Can I execute yolov5 on the GPU of JETSON AGX XAVIER?

I just tested Yolov5 on my Jetson AGX Xavier, just follow this tutorial mentioned in this GitHub page.

Make sure all the packages and versions match while installing from requirements.txt file.

Hi,
Thank you for your reply.

I just tested Yolov5 on my Jetson AGX Xavier, just follow this tutorial mentioned in this GitHub page.

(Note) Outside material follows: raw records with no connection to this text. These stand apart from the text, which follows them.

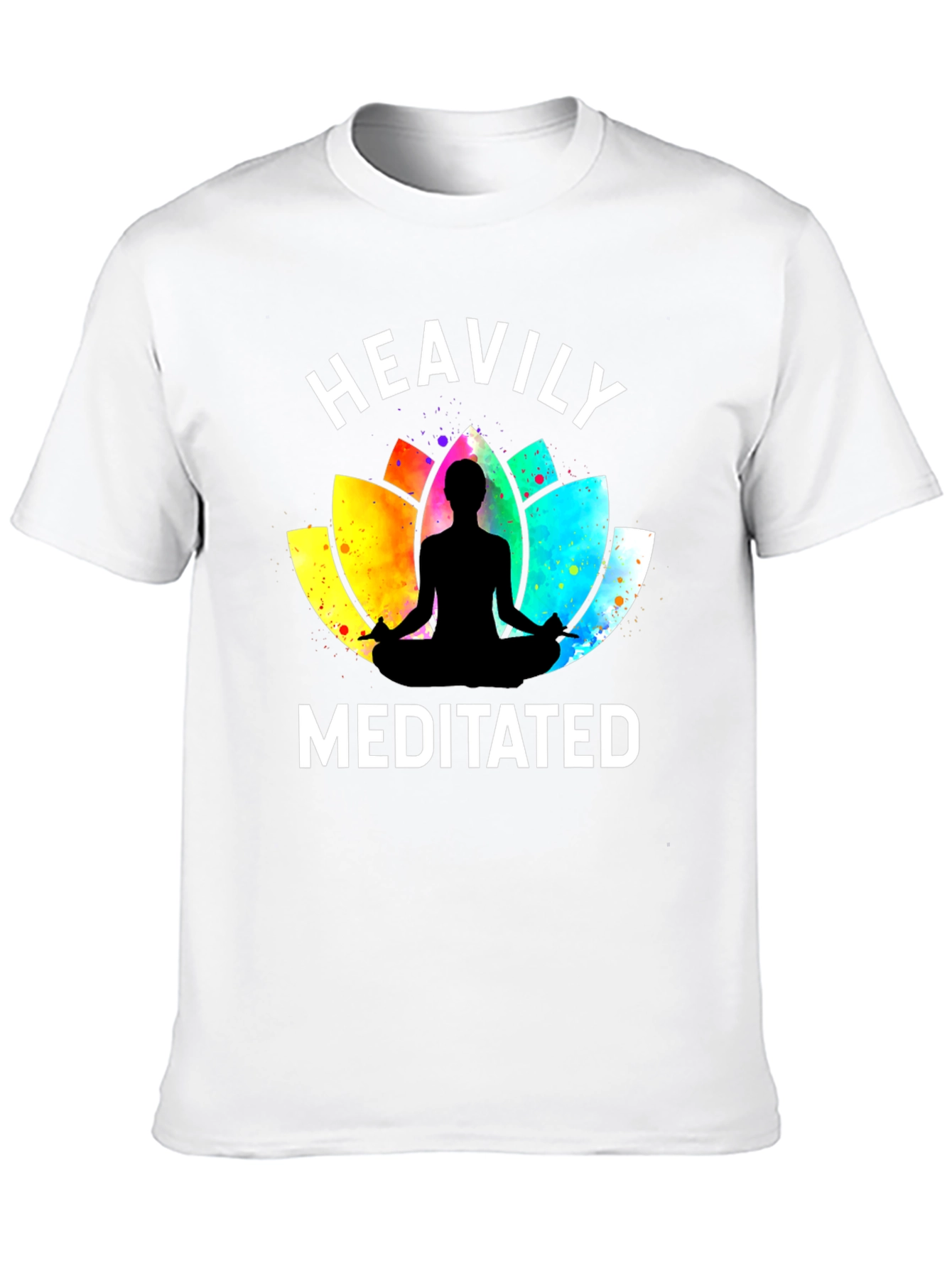 Heavily Meditated Graphic Tee - Zen Yoga Shirt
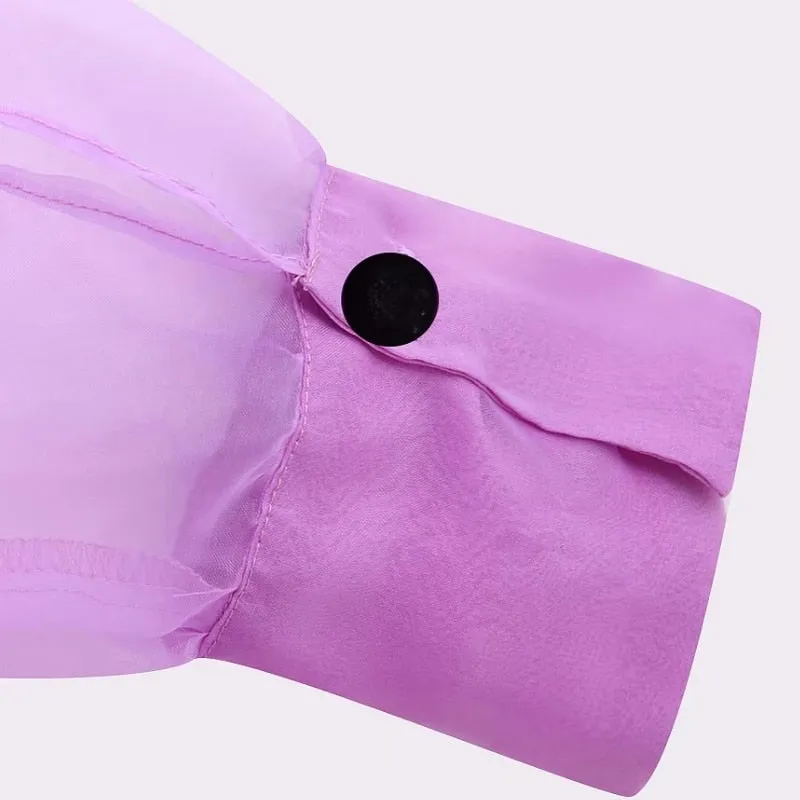 ORGANZA BLOUSE WITH BOW DETAIL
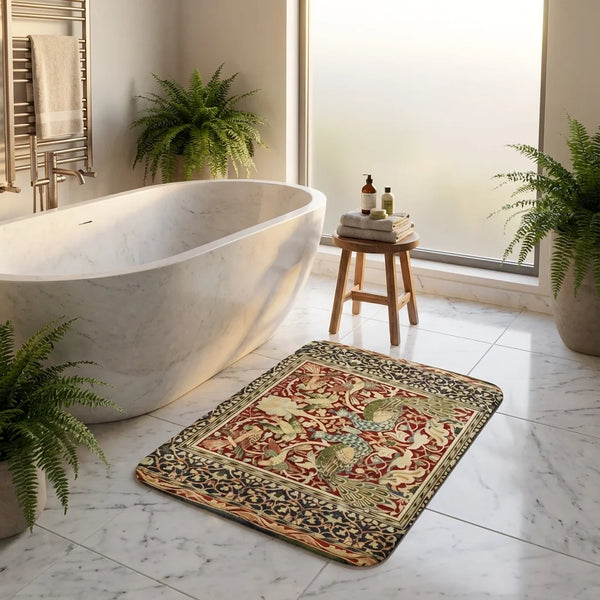 William Morris Doormat - Floral Design Non-Slip Mat - Lifestyle Context
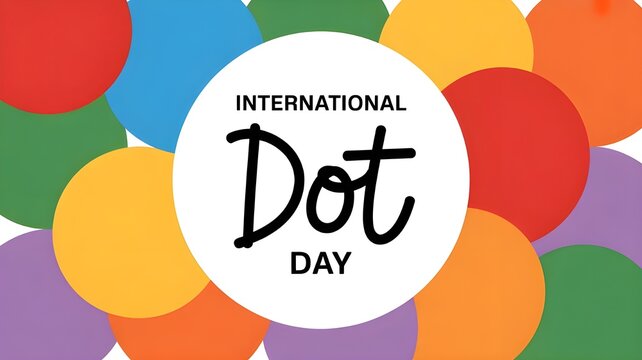 International dot day celebration with colorful balloons - Powered by Adobe
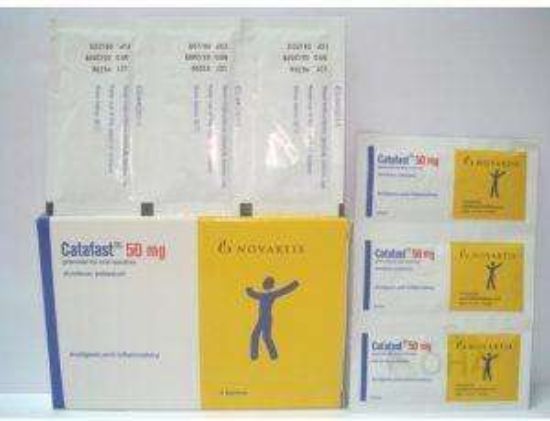 CATAFAST 9 SACHETS 50 MG 72 LE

?? But don’t you get the message when you execute ‘python detect.py --source …’ like
YOLOv5 🚀 v6.1-246-g2dd3db0 Python-3.7.5 torch-1.11.0 CPU
?
When your GPU is working, I think you will get the message like
YOLOv5 🚀 v6.1-227-ga6e99e4 Python-3.7.5 torch-1.11.0+cu102 CUDA:0 (NVIDIA GeForce RTX 2080 Ti, 11011MiB)
(this is the message of my PC’s case).

Hey,

I just realised yolov5 was running on CPU power and not on GPU. I too got the same message after executing detect.py

YOLOv5 🚀 v6.1-242-ga80dd66 Python-3.8.10 torch-1.11.0 CPU

Will have to look online for enabling GPU on yolov5. I apologise for that.

I am also working on yolo Object Detection, but currently working on yolov4 based on darknet. Do let me know if you figure out how to enable the GPU for yolov5.

Thanks

Hi,

So, I made one solution.

Before to do this, make sure that your Xavier has ‘JetPack 5.0.1 DP’ linux system and upgrade it.

~$ sudo apt-get -y update
~$ sudo apt-get -y upgrade

And it’s convenient for you to make ‘python’ alternatives.

~$ sudo update-alternatives --install /usr/bin/python python /usr/bin/python2.7 1
~$ sudo update-alternatives --install /usr/bin/python python /usr/bin/python3.8 2

(note that we must use >python3.7.)
Then git ‘yolov5’ and make virtual environment.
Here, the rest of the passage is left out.